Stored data
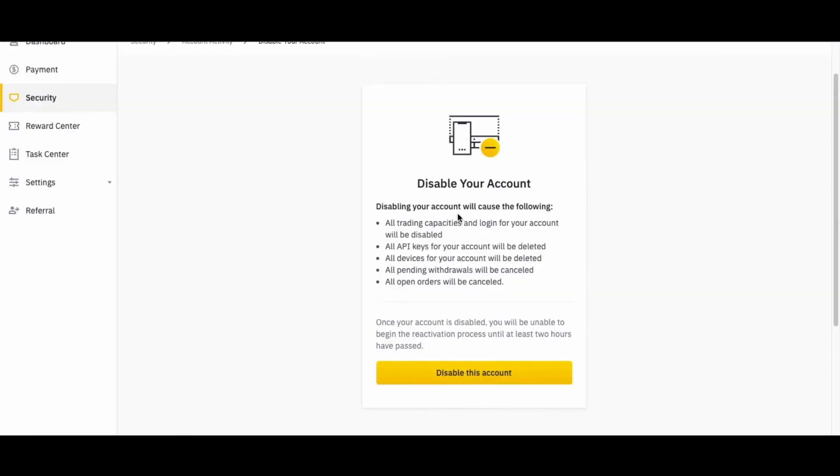After that, you'll see this section - Disable Your Account - and you'll see all the things that are gonna happen if you disable your Binance account. But if you're sure about that decision, just click Disable This Account and continue to follow the process to disable your Binance account.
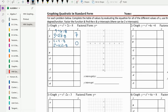Then we plug in zero: zero squared plus two times zero minus eight. So zero plus zero minus eight, which is negative eight.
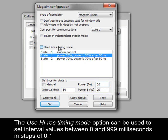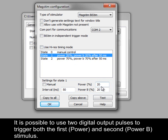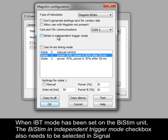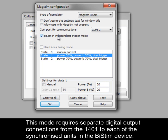The Use High Res Timing Mode option can be used to set interval values between 0 and 999 milliseconds in steps of 0.1 of a millisecond. It is possible to use two digital output pulses to trigger both the first (Power) and second (Power B) stimulus. To use this method, the BiStim unit must be set to use Independent Trigger Mode (IBT mode) — see your BiStim User Manual for details. When IBT mode has been set on the BiStim unit, the BiStim in Independent Trigger Mode checkbox also needs to be selected in Signal. This mode requires separate digital output connections from the 1401 to each of the synchronised units in the BiStim device.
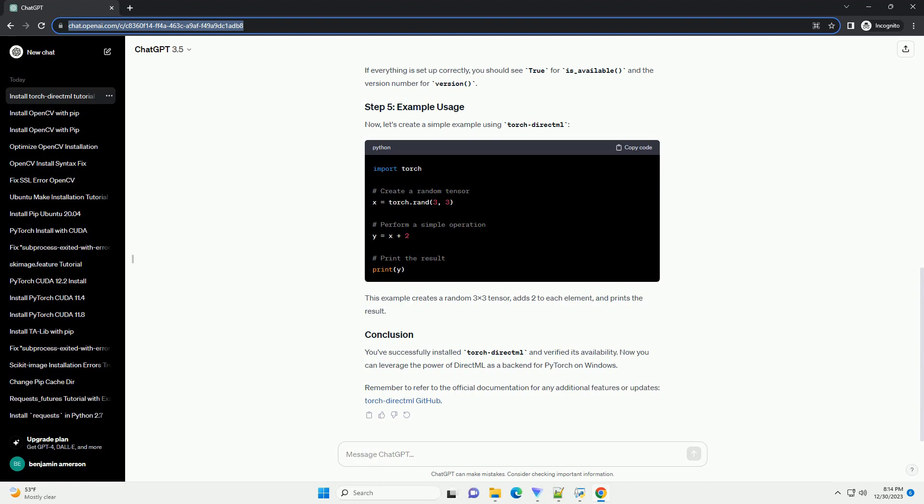Now, you can install TorchDirectML using the following command. You can verify the installation by opening a Python interpreter and importing Torch with TorchDirectML backend.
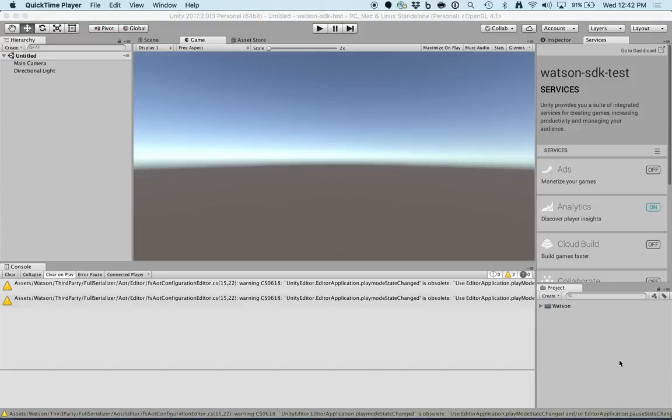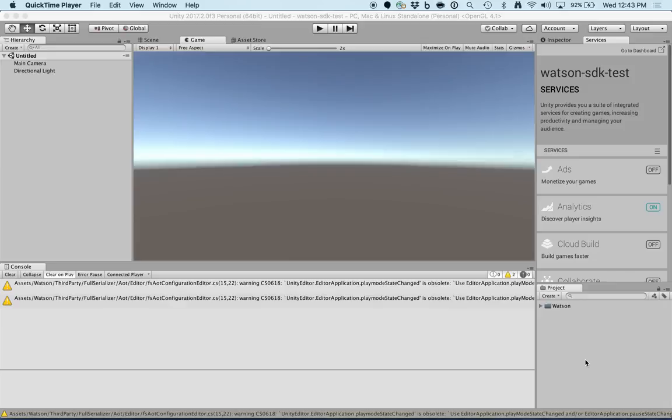And there you have it. We have a new Unity project with the Watson Unity SDK installed. In the next video, we're going to show you how to access Watson services from within Unity.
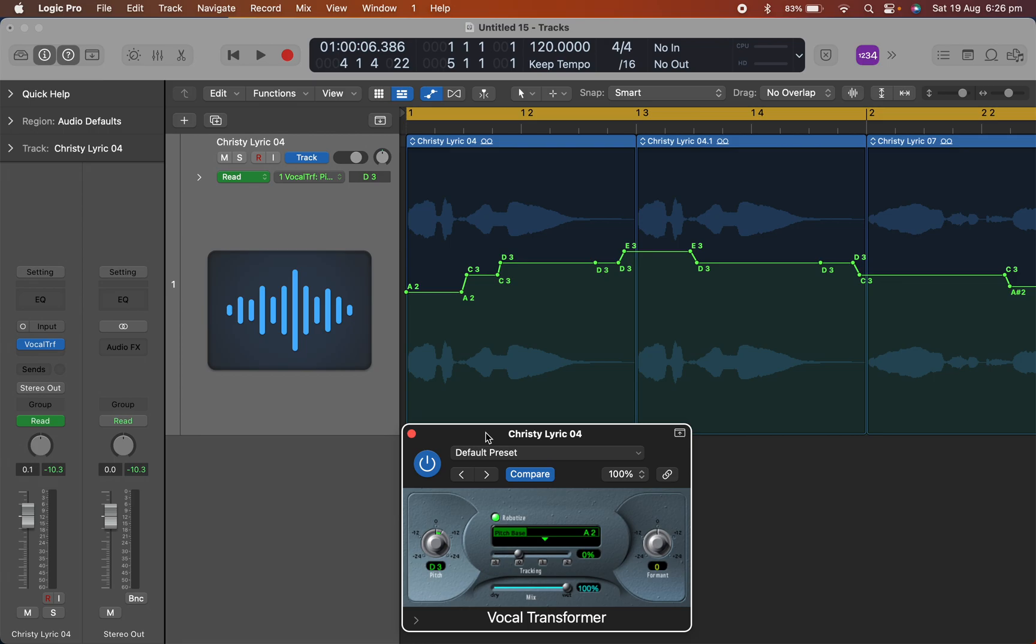And I think the latter Logic versions, unfortunately, I couldn't find a way to, in real time, control the pitch of vocal transformer. But you can do it through automation.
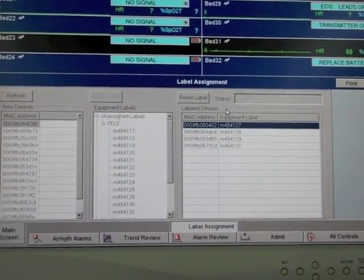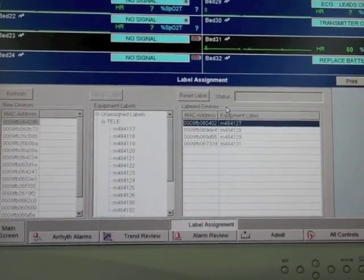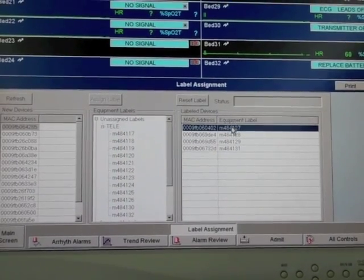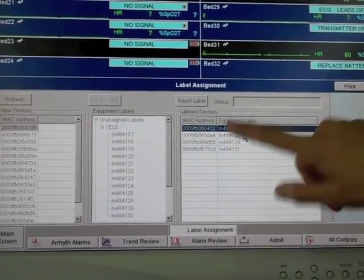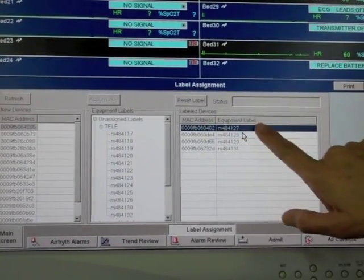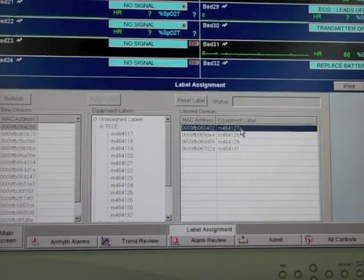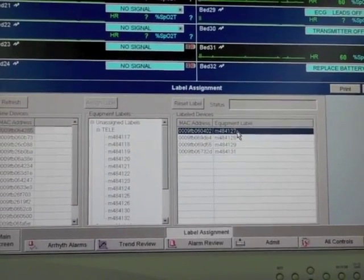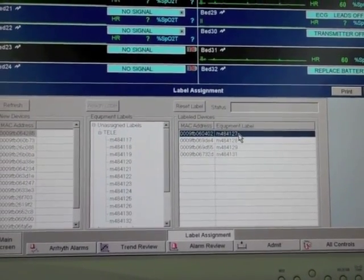After your unit is completed on the label assignment, you'll see it listed underneath your MAC addresses and it's ready to be viewed.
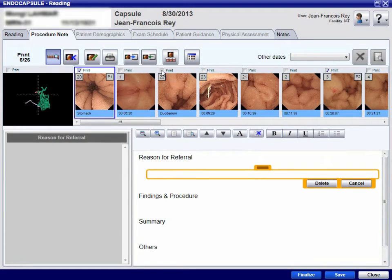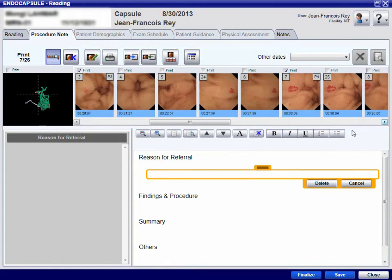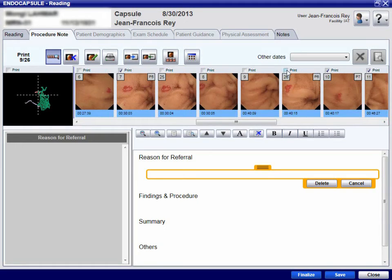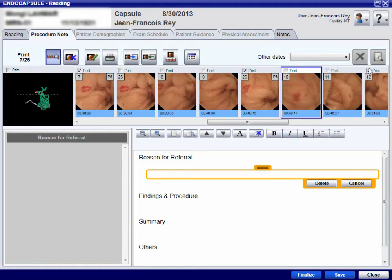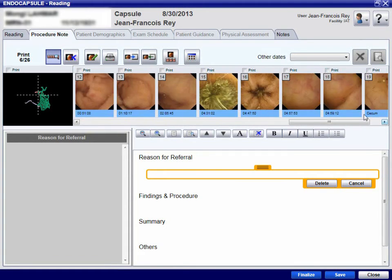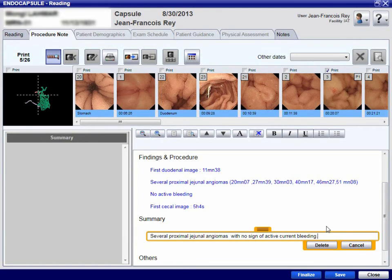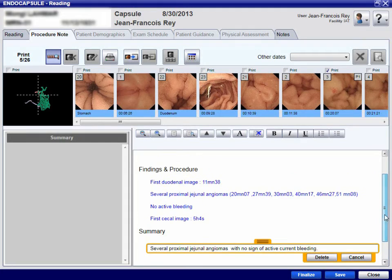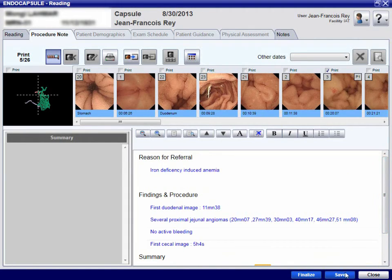In order to illustrate the report, images of various landmarks and small bowel abnormalities are selected and labelled. Findings and procedures are recorded in the report on the patient sheet, together with the final summary and physician identification and signature. Medical terms stored in the software can be used to write the report.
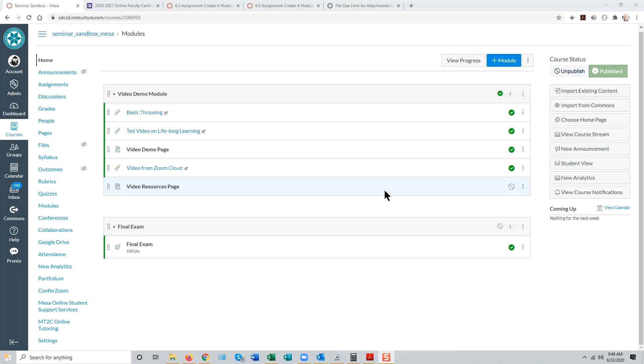Using discussion topics in Canvas to allow students to share media files with one another and with the rest of the course.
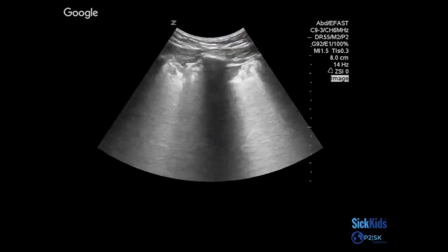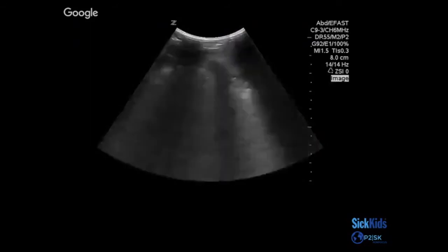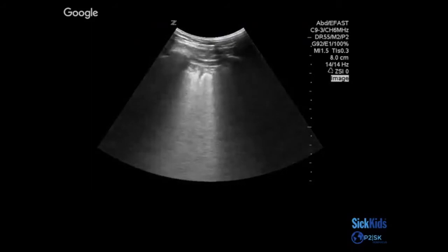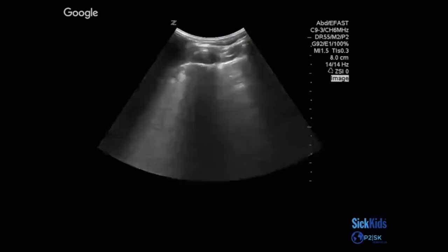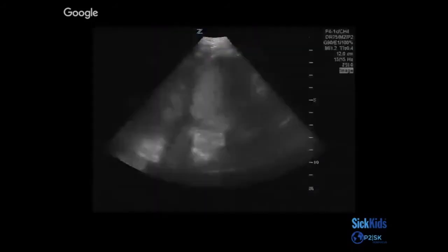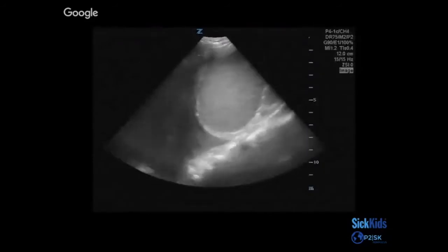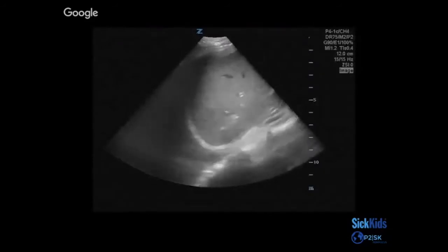This is actually a trauma we recently had where this child had findings very suggestive of pulmonary contusion. Versus this other finding — if you saw this instead, what would you be more suspicious for?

▶ TASK DETAILS
The records above must be retyped exactly. Please omit the pictures.

▶ SOLUTION FOR THIS PROBLEM
After that, you'll see this section - Disable Your Account - and you'll see all the things that are gonna happen if you disable your Binance account. But if you're sure about that decision, just click Disable This Account and continue to follow the process to disable your Binance account.
Then we plug in zero: zero squared plus two times zero minus eight. So zero plus zero minus eight, which is negative eight.
The Use High Res Timing Mode option can be used to set interval values between 0 and 999 milliseconds in steps of 0.1 of a millisecond. It is possible to use two digital output pulses to trigger both the first (Power) and second (Power B) stimulus. To use this method, the BiStim unit must be set to use Independent Trigger Mode (IBT mode) — see your BiStim User Manual for details. When IBT mode has been set on the BiStim unit, the BiStim in Independent Trigger Mode checkbox also needs to be selected in Signal. This mode requires separate digital output connections from the 1401 to each of the synchronised units in the BiStim device.
Now, you can install TorchDirectML using the following command. You can verify the installation by opening a Python interpreter and importing Torch with TorchDirectML backend.
And there you have it. We have a new Unity project with the Watson Unity SDK installed. In the next video, we're going to show you how to access Watson services from within Unity.
And I think the latter Logic versions, unfortunately, I couldn't find a way to, in real time, control the pitch of vocal transformer. But you can do it through automation.
After your unit is completed on the label assignment, you'll see it listed underneath your MAC addresses and it's ready to be viewed.
In order to illustrate the report, images of various landmarks and small bowel abnormalities are selected and labelled. Findings and procedures are recorded in the report on the patient sheet, together with the final summary and physician identification and signature. Medical terms stored in the software can be used to write the report.
Using discussion topics in Canvas to allow students to share media files with one another and with the rest of the course.
This is actually a trauma we recently had where this child had findings very suggestive of pulmonary contusion. Versus this other finding — if you saw this instead, what would you be more suspicious for?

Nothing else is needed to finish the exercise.